Figure 7. Inhibiting recycling does not affect acute D₁ receptor-mediated cAMP accumulation

(A) Representative (n = 3) immunoblot analysis of siRNA mediated knockdown of EHD3 in FD1R-expressing HEK293 cells with GAPDH loading control. (B) Recovery of surface FD1Rs measured by fluorescence flow cytometry. Recovery of surface FD1R fluorescence after 5 min DA incubation and 5 or 10 min after agonist washout was measured in cells transfected with siRNA targeting EHD3 (gray) or non-silencing control siRNA (black). %Recovery = [(Surface fluorescence after DA washout - average surface fluorescence after 5 min. DA incubation)/(average initial surface fluorescence - average surface fluorescence after 5 min. DA incubation)] × 100. Data = mean %Recovery +/− SEM, n = 3, 10,000 cells/well, each time point in triplicate. (C) Change in normalized Epac1-cAMPs FRET in response to 10μM DA in cells transfected with siRNA against EHD3 (grey squares) or non-silencing control siRNA (filled circles). Data = mean normalized FRET emission ratio at each time point +/− SEM, n = 20-28 cells per group. (D) Recovery of FD1Rs in the presence of 500nM Bafilomycin (white bars) or vehicle (black bars) as measured by fluorescence flow cytometry. Data = mean %Recovery +/− SEM, n = 3, 10,000 cells/well, each time point in triplicate. (E) Change in normalized Epac1-cAMPs FRET in response to 10μM DA in cells pretreated with Bafilomycin (open squares) or vehicle control (filled circles). Data = mean normalized FRET emission ratio at each time point +/− SEM, n = 29-30 cells per group. (F) Change in normalized Epac1-cAMPs FRET in response to 1μM SKF81927 in FD1 expressing striatal neurons pretreated with bafilomycin (open squares) or vehicle control (filled circles). Data = mean normalized FRET emission ratio at each time point +/− SEM, n = 11-14 neurons per group. (*p<0.05, **p<0.01, 2-tailed unpaired t-test).

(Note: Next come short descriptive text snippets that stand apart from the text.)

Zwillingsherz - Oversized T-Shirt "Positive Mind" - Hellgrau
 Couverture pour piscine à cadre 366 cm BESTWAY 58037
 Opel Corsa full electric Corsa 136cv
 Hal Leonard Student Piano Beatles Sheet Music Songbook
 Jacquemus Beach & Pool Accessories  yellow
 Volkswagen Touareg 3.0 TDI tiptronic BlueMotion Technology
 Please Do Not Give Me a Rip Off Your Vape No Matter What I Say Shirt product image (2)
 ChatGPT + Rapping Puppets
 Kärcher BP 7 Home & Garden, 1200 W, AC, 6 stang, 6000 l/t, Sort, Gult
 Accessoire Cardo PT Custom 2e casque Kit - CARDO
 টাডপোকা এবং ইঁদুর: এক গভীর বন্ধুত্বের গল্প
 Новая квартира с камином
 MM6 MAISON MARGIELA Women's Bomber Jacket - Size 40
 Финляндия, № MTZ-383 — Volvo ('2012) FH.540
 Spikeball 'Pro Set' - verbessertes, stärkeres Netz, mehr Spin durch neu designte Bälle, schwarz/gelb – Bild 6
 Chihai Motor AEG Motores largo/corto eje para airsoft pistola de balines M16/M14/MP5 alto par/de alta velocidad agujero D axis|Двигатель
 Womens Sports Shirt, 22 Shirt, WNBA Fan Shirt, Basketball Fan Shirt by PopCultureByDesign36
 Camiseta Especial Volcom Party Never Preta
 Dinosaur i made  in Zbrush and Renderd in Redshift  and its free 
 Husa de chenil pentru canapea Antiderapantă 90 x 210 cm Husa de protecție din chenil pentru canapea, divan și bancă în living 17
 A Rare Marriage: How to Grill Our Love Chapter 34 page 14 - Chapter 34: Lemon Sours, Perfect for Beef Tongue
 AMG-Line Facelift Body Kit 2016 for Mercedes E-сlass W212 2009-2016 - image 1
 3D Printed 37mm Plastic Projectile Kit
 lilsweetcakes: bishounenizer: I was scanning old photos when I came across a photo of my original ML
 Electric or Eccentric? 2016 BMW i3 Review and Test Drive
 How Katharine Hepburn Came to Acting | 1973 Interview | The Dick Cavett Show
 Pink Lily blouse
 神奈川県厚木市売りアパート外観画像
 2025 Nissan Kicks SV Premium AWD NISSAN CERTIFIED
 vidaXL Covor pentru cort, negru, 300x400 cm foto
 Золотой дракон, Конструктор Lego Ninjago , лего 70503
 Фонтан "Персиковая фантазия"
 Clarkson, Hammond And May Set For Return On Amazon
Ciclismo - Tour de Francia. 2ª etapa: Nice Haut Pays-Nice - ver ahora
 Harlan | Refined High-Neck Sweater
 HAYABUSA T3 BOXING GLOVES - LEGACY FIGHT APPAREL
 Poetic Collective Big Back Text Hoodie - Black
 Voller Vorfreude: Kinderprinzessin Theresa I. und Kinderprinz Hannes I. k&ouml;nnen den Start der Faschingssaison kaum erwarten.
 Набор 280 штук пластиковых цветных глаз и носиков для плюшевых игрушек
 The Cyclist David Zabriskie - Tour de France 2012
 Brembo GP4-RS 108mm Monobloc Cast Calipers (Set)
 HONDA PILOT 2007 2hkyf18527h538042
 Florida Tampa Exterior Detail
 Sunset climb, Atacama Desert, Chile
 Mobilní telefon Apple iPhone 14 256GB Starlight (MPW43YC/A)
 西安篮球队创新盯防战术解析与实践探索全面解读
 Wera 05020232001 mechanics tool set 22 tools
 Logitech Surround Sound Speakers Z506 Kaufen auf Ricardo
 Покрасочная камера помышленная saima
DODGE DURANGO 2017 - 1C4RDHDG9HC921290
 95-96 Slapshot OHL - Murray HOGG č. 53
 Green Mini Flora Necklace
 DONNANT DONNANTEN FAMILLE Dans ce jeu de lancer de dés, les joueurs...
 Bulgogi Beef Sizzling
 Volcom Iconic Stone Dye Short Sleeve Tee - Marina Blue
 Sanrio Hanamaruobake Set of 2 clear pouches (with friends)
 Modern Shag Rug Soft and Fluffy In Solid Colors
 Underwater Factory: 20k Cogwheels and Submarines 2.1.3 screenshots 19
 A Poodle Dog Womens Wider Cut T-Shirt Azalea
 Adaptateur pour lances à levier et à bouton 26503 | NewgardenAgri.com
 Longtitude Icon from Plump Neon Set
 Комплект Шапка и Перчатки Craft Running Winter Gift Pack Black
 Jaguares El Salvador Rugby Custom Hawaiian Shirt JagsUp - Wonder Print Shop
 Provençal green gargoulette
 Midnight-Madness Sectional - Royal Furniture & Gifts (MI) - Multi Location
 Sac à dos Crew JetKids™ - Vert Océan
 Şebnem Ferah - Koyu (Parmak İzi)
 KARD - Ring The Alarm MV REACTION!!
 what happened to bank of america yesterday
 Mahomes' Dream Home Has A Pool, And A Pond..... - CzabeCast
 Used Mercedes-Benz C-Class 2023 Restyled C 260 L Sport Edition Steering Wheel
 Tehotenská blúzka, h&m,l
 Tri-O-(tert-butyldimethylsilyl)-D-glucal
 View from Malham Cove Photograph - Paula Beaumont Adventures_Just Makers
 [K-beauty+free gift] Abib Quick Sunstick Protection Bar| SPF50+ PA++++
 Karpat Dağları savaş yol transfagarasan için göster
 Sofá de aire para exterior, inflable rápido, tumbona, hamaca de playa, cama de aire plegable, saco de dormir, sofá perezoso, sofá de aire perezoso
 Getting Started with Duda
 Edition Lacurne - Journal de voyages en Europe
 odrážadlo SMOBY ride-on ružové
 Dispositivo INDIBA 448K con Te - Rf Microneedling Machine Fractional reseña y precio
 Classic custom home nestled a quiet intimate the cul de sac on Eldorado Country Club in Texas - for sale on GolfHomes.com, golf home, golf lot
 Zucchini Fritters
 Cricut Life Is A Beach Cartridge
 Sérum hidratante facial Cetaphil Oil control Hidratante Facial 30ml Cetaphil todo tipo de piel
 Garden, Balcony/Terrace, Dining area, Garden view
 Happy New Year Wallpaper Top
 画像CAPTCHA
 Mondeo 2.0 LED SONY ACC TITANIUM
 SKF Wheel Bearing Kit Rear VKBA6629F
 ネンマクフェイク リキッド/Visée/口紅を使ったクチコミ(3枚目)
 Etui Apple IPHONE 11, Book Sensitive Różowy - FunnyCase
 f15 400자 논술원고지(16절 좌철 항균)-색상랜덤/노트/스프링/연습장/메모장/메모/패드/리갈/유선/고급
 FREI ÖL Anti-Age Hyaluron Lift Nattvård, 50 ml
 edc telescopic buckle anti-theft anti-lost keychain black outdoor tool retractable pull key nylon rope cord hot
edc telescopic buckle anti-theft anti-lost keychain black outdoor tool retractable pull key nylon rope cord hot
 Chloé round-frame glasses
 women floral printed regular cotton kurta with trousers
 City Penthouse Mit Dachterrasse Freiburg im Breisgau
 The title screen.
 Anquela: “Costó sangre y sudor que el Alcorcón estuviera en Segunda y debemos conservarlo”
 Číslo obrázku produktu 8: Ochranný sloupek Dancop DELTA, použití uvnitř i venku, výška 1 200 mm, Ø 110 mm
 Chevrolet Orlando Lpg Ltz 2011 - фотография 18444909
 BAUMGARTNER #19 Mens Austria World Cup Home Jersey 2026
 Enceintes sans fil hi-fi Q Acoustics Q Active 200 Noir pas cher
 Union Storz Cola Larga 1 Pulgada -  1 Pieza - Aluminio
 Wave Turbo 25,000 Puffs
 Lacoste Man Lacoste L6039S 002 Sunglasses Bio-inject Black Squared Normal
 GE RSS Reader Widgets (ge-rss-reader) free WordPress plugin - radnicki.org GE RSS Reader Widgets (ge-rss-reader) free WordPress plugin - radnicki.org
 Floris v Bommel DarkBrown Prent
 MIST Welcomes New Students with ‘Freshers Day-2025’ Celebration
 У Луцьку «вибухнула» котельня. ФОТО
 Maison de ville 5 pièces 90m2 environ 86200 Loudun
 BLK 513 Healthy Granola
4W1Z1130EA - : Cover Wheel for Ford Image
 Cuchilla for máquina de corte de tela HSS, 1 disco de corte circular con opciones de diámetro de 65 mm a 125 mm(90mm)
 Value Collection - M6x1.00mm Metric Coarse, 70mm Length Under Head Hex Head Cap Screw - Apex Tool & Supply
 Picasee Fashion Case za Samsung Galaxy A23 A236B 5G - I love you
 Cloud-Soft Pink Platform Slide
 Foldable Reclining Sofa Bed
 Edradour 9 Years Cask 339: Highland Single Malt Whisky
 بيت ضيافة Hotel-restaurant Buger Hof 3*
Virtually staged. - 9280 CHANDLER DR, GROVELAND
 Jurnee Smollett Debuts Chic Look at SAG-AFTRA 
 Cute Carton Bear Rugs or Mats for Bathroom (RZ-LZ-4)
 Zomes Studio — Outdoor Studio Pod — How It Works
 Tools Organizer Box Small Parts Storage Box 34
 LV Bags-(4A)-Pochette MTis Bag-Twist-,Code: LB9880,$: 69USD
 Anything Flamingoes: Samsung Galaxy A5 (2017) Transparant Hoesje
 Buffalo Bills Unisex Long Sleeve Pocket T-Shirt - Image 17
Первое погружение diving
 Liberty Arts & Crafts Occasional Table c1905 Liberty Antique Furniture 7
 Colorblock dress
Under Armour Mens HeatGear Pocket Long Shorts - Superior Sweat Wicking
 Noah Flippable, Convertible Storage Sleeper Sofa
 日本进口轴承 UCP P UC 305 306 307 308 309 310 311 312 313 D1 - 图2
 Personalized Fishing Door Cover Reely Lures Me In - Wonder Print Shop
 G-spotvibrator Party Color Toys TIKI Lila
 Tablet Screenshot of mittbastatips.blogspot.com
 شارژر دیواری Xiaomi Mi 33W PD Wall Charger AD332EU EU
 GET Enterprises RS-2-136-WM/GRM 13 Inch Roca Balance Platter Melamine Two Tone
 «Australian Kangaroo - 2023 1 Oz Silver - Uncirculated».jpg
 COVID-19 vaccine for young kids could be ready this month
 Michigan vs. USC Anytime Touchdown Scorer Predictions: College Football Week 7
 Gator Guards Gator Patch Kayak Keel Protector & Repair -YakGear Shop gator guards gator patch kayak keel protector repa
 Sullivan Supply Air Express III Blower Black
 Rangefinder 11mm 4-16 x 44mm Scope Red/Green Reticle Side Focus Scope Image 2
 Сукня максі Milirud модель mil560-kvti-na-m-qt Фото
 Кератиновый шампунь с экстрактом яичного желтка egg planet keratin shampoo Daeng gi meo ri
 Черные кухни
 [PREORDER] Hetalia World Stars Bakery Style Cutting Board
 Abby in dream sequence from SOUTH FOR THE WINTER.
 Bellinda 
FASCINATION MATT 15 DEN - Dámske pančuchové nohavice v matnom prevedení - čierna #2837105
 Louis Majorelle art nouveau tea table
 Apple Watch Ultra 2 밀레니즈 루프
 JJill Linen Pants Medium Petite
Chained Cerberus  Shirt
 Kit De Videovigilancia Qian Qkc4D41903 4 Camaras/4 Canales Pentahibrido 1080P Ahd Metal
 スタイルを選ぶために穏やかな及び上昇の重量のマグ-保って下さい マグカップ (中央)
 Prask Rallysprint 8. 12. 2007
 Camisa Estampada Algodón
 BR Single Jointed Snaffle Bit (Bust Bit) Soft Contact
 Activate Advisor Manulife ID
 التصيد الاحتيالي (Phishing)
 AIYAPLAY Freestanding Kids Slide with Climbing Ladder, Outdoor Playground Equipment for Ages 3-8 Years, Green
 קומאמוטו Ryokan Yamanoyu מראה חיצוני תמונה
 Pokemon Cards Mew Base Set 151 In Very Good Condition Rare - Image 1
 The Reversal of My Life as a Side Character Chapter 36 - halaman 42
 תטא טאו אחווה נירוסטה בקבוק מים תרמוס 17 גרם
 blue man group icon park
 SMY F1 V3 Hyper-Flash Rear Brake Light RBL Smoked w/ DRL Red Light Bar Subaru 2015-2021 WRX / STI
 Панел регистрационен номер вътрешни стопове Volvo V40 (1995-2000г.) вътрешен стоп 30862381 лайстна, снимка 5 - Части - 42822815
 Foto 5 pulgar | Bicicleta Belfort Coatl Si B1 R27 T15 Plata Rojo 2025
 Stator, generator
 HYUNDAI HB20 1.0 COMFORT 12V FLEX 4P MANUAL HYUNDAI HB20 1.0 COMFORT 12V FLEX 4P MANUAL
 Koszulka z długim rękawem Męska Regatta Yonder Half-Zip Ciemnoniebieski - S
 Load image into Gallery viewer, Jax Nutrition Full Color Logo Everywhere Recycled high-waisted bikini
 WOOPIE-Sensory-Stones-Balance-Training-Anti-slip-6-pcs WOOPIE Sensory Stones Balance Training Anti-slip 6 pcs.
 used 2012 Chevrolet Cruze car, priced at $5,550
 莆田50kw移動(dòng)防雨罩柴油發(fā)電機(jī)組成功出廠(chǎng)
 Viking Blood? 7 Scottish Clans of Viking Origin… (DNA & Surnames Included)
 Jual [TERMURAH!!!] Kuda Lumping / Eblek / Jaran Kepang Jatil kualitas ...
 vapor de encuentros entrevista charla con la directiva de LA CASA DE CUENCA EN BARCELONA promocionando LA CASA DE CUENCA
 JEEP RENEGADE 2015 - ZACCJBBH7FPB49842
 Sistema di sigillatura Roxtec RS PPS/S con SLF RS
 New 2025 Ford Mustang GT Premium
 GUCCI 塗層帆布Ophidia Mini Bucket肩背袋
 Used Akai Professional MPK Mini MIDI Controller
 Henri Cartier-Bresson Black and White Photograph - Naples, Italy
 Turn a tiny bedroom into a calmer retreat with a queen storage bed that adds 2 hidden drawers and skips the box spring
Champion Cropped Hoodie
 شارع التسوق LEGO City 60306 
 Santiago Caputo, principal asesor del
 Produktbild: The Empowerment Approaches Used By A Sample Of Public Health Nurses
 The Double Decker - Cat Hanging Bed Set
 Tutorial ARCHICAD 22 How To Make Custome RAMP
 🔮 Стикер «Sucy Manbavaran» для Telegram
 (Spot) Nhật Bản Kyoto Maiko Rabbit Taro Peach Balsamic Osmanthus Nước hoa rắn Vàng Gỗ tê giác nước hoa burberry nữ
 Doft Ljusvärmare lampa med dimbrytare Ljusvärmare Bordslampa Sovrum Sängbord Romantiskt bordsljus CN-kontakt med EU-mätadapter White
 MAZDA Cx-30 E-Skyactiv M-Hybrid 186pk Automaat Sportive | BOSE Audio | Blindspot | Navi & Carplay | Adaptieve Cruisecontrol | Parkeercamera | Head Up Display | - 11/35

Figure 8. Rapid endocytosis promotes colocalization of D₁ receptors with ACV and G_s/olf

(A) Representative confocal sections of FD1R (left, red) and ACV (center, green) immunoreactivity from striatal neurons incubated in the absence (top) or 2 min. after 1μM SKF81297 application (bottom). (B) Quantification of the fraction of D1R positive puncta that colocalize with ACV prior to (black) and after (white) 1μM SKF81297 addition. n = 4, 3-6 cells per condition. (C) Representative confocal optical sections of FD1R (left, red) and Gα_s/olf (center, green) immunoreactivity from striatal neurons incubated in the absence of agonist (top) or 2 min. after 1μM SKF81297 application (bottom panel). (D) Quantification of the fraction of D1R positive puncta that colocalize with Gα_s/olf prior to (black) and after (white) bath application of 1μM SKF81297 n = 4, 4-5 cells per condition. (*p<0.05, **p<0.01, unpaired t-test) (E) Proposed model of endocytosis-dependent augmentation of acute dopaminergic signaling. Activation of D₁ areceptors stimulates ACV via receptor coupling to G_s/olf in the plasma membrane, creating an initial burst of cAMP production. Activated D₁ receptors are rapidly concentrated in clathrin-coated pits, which undergo dynamin-dependent endocytosis and rapid uncoating. Additional cAMP is then generated from a nascent endocytic membrane compartment associated with G_s/olf and ACV. Endocytic membranes subsequently fuse with classical sorting endosomes that are not signaling-competent and receptors are inactivated by agonist dissociation in the increasingly acidic endosomal environment. Efficient trafficking of internalized D₁ receptors back to the plasma membrane requires the vacuolar ATPase mediating continued endosomal acidification and EHD3 mediating membrane transfer from early to recycling endosomes. Manipulations that disrupt the function or trafficking through later sorting compartments (Bafilomycin, siRNA vs. EHD3) do not affect the magnitude of the acute cAMP response. Manipulations that interfere events initiating entry of activated D₁ receptors into the endomembrane system (HS, dynasore, siRNA vs. clathrin, Δ360-382) inhibit acute cAMP signaling by preventing the second burst of cAMP production in this dynamic trafficking cycle.